I attempted to recreate this drink to share with friends at a potluck yesterday evening. It was simple to put together and served as a great accompaniment to cool down the delicious spice-packed food that my friends concocted. I have a feeling that this drink will be making its way into my glasses quite often this summer, and even when the summer fades and the cold sets in, I’m making a mental note to make a batch of this lemonade to refresh even the wintriest of days with a summer state of mind.

Mint Lemonade
1/2 cup sugar
3 1/2 cups water
7 lemons
1 cup mint leaves

To make simple syrup: In small saucepot, boil together 1/2 cup sugar and 1/2 cup water until sugar is dissolved (microwave method: microwave 1/2 cup sugar and 1/2 cup water for 2 minutes). Let it cool to room temperature. The simple syrup can also be made ahead and stored in the fridge.

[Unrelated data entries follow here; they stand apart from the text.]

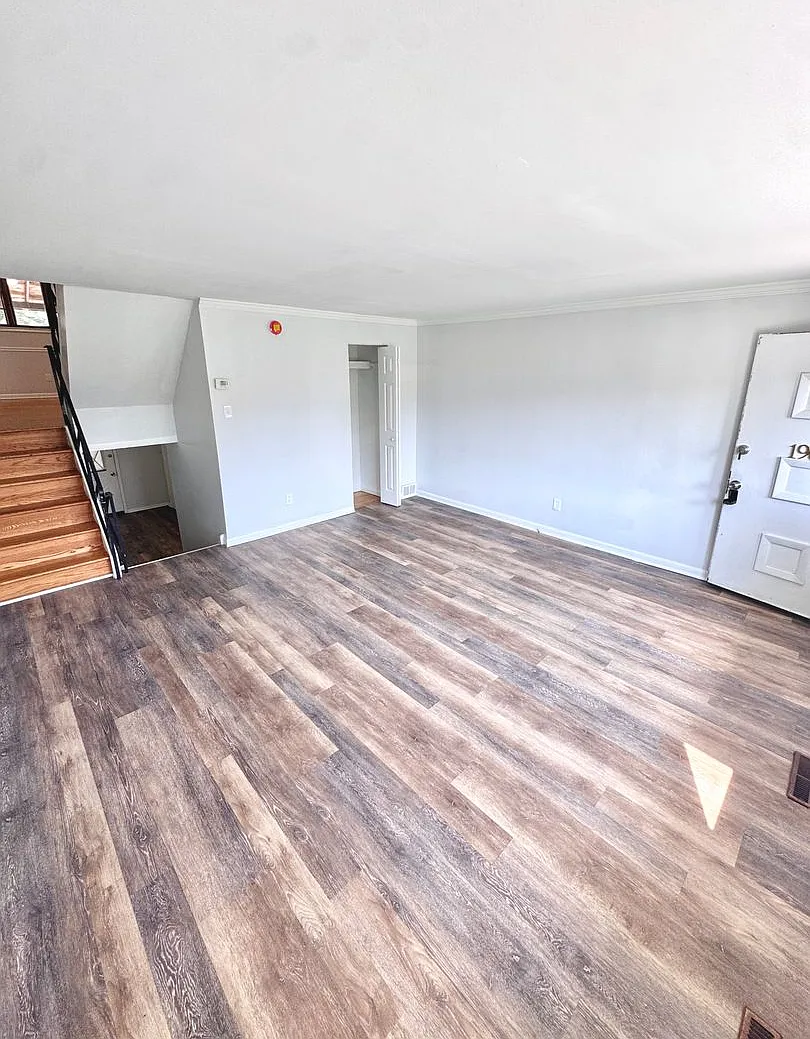 Super Clean Three Bedroom Townhome — Photo 3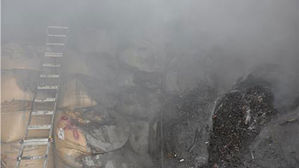 폐알루미늄가루 창고서 불…폭발 가능성에 모래로 이틀째 진화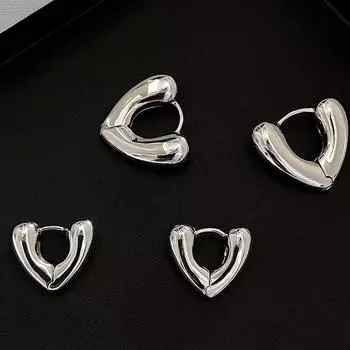 Женские простые серьги-сердечки с пряжкой Love Ear Buckle Cold Wind, корейская версия, легкие роскошные трехмерные серьги-сердечки с персиковым узором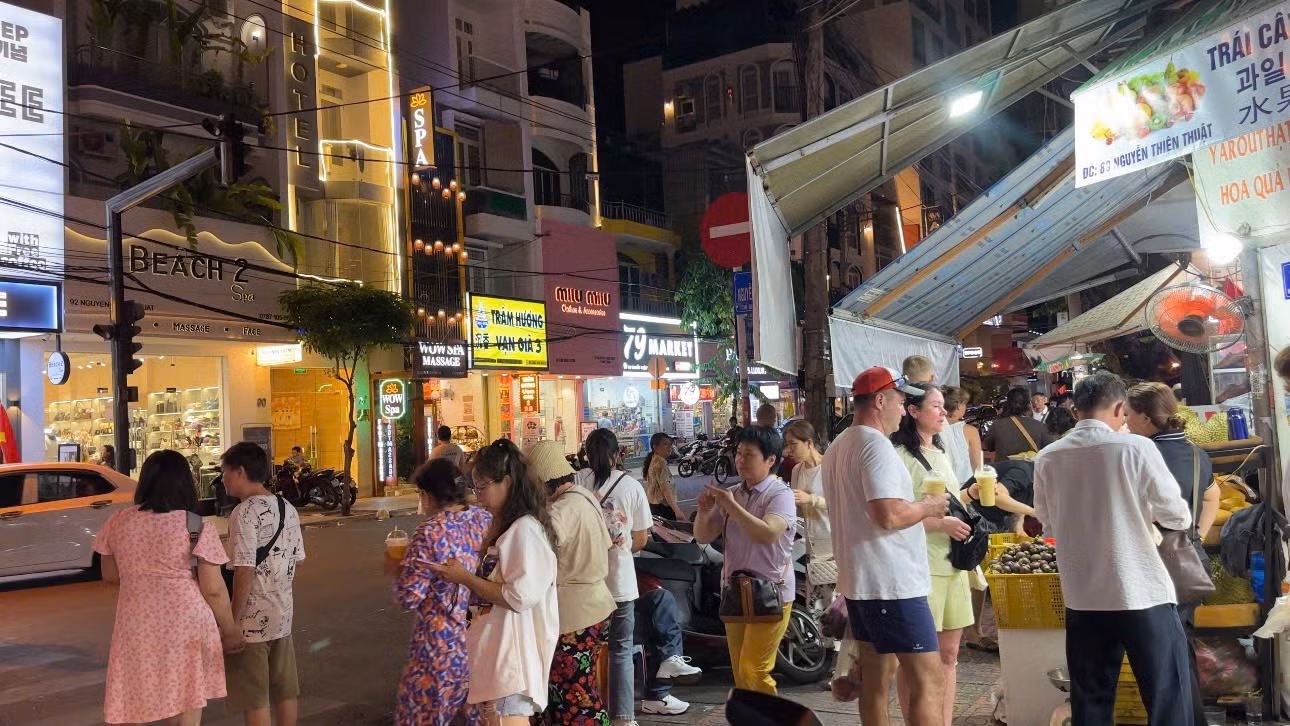 Khách Nga tại một cửa hàng trái cây trên đường Nguyễn Thiện Thuật, TP. Nha Trang.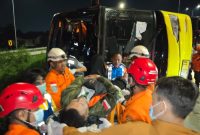 Tim SAR Gabungan sedang mengevakuasi korban kecelakaan bus 
Cahaya Trans di Exit Tol Krapyak Semarang, Senin (22/12) dinihari.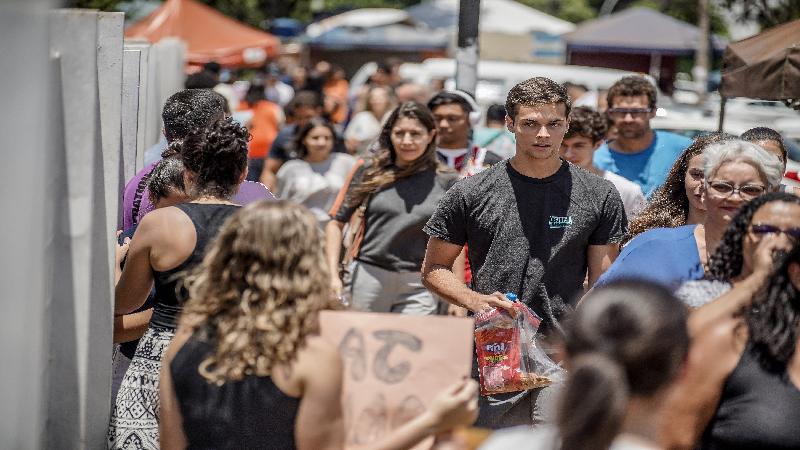 Ensino médio: Pé-de-Meia dará R$ 2 mil por ano a alunos de baixa renda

Juice 6 lemons into a large pitcher or container, straining out the pulp and seeds. This should make a little more than 1/2 cup of lemon juice. Add 3 cups of cold water and mint leaves. Cut the remaining lemon into thin slices and add to the mixture. Add about 2 cups of ice cubes. Stir lemonade, cover, and store in fridge for at least 1 hour before serving. Serve with extra ice cubes.

To make Mint Arnold Palmers: Fill a glass half-full with mint lemonade and fill the remaining half with iced black tea.